You are viewing a plain text version of this content. The canonical link for it is here.
Posted to solr-user@lucene.apache.org by "Harsch, Timothy J. (ARC-TI)[PEROT SYSTEMS]" <ti...@nasa.gov> on 2010/01/13 20:18:37 UTC

case-insensitive string type

Hi I have a field:

<field name="srcANYSTRStrCI" type="string_ci" indexed="true" stored="true" multiValued="true" />

With type definition:
		<!-- A Case insensitive version of string type  -->
		<fieldType name="string_ci" class="solr.StrField"
			sortMissingLast="true" omitNorms="true">
			<analyzer type="index">
				<tokenizer class="solr.KeywordTokenizerFactory"/>			
				<filter class="solr.LowerCaseFilterFactory" />
			</analyzer>
			<analyzer type="query">
				<tokenizer class="solr.KeywordTokenizerFactory"/>
				<filter class="solr.LowerCaseFilterFactory" />
			</analyzer>
		</fieldType>

When searching that field I can't get a case-insensitive match.  It works as if it is a regular string, for instance I can do a prefix query and so long as the prefix matches the case of the value it works, but if I change the prefix case it doesn't

Essentially I am trying to get case-insensitive matching that supports wild cards...

Tim Harsch
Sr. Software Engineer
Dell Perot Systems
(650) 604-0374


Re: case-insensitive string type

Posted by Erick Erickson <er...@gmail.com>.
What do you get when you add "&debugQuery=on" to your lower-case query?

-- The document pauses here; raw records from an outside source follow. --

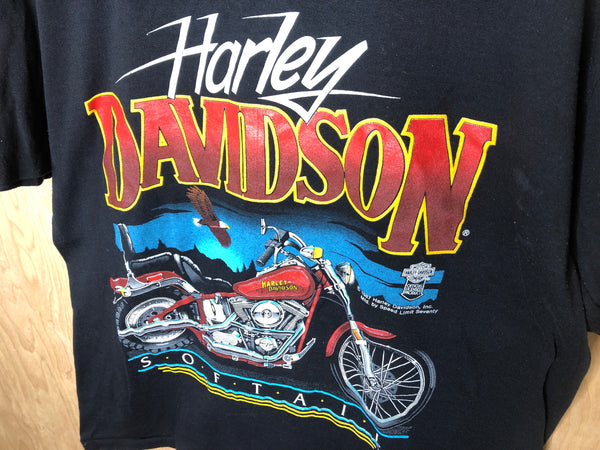 1987 Harley Davidson “Softail” - XL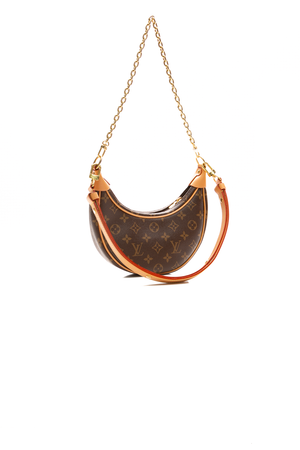 Loop Crossbody Bag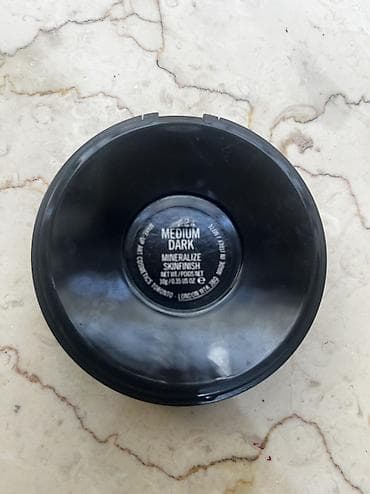 Bronzerlər: Bronzer Mac İşlənmiş — 3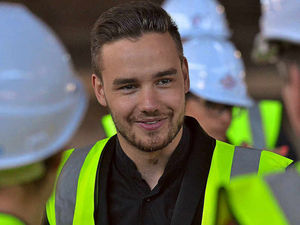 Supporting image for story: Liam Payne confirmed as £3k donor to Wolverhampton's The Way Youth Zone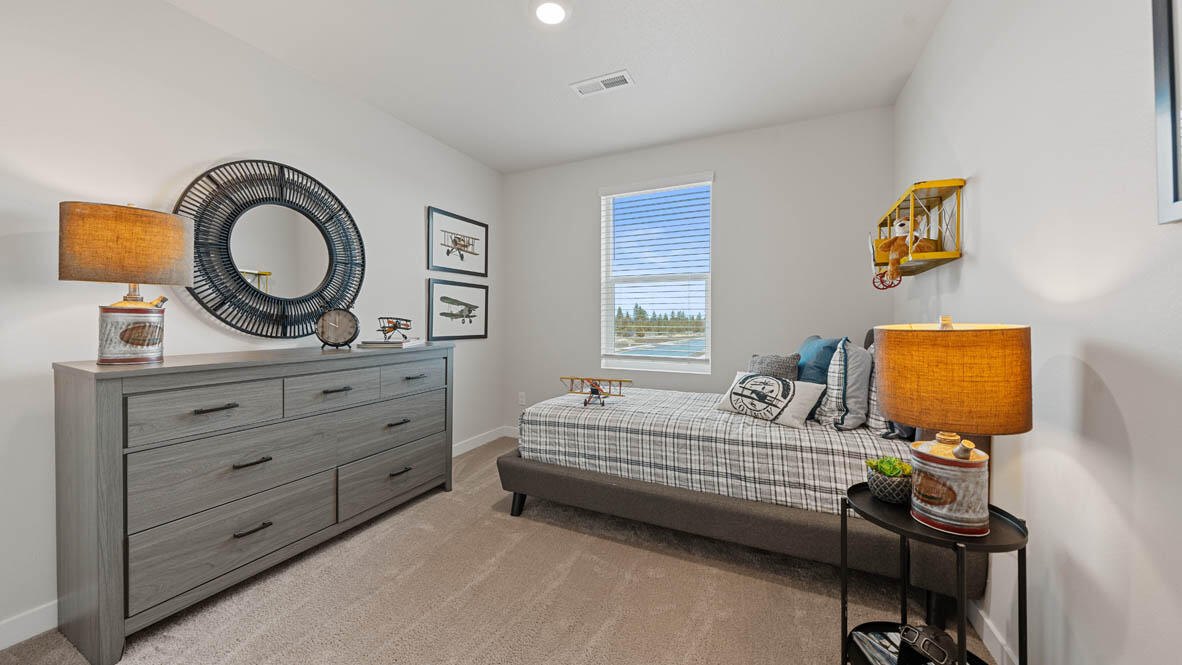 Stevens Ranch - Residential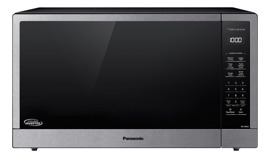 Microondas NnSn98js Encimera 62 L Acero Inoxidabl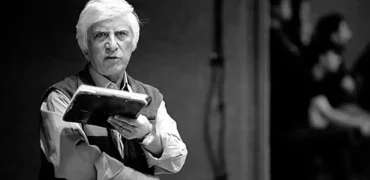 حمله تند روزنامه کیهان به سوابق بهرام بیضایی؛ از عضویت در ساواک تا ارتباط با دفتر فرح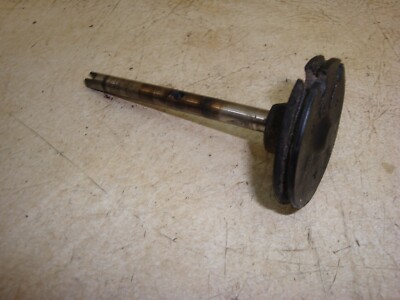 1999 99 98? 00? YAMAHA WAVERUNNER GP800 GP800R? POWER VALVE SHAFT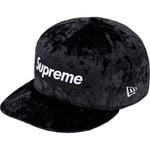 Crushed Velvet Box Logo New Era®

And does Luke show you what you expect in the index?


On Wed, Jan 13, 2010 at 2:18 PM, Harsch, Timothy J. (ARC-TI)[PEROT SYSTEMS]
<ti...@nasa.gov> wrote:

> Hi I have a field:
>
> <field name="srcANYSTRStrCI" type="string_ci" indexed="true" stored="true"
> multiValued="true" />
>
> With type definition:
>                <!-- A Case insensitive version of string type  -->
>                <fieldType name="string_ci" class="solr.StrField"
>                        sortMissingLast="true" omitNorms="true">
>                        <analyzer type="index">
>                                <tokenizer
> class="solr.KeywordTokenizerFactory"/>
>                                <filter class="solr.LowerCaseFilterFactory"
> />
>                        </analyzer>
>                        <analyzer type="query">
>                                <tokenizer
> class="solr.KeywordTokenizerFactory"/>
>                                <filter class="solr.LowerCaseFilterFactory"
> />
>                        </analyzer>
>                </fieldType>
>
> When searching that field I can't get a case-insensitive match.  It works
> as if it is a regular string, for instance I can do a prefix query and so
> long as the prefix matches the case of the value it works, but if I change
> the prefix case it doesn't
>
> Essentially I am trying to get case-insensitive matching that supports wild
> cards...
>
> Tim Harsch
> Sr. Software Engineer
> Dell Perot Systems
> (650) 604-0374
>
>

RE: case-insensitive string type

Posted by "Harsch, Timothy J. (ARC-TI)[PEROT SYSTEMS]" <ti...@nasa.gov>.
Thanks, I know I read that sometime back but I guess I thought that was because there were no <analyzer> tags defined on the string field in the schema.  I guess cause I'm still kind of a noob - I didn't take that to mean that it couldn't be made to have analyzers.  A subtle but important distinction I guess.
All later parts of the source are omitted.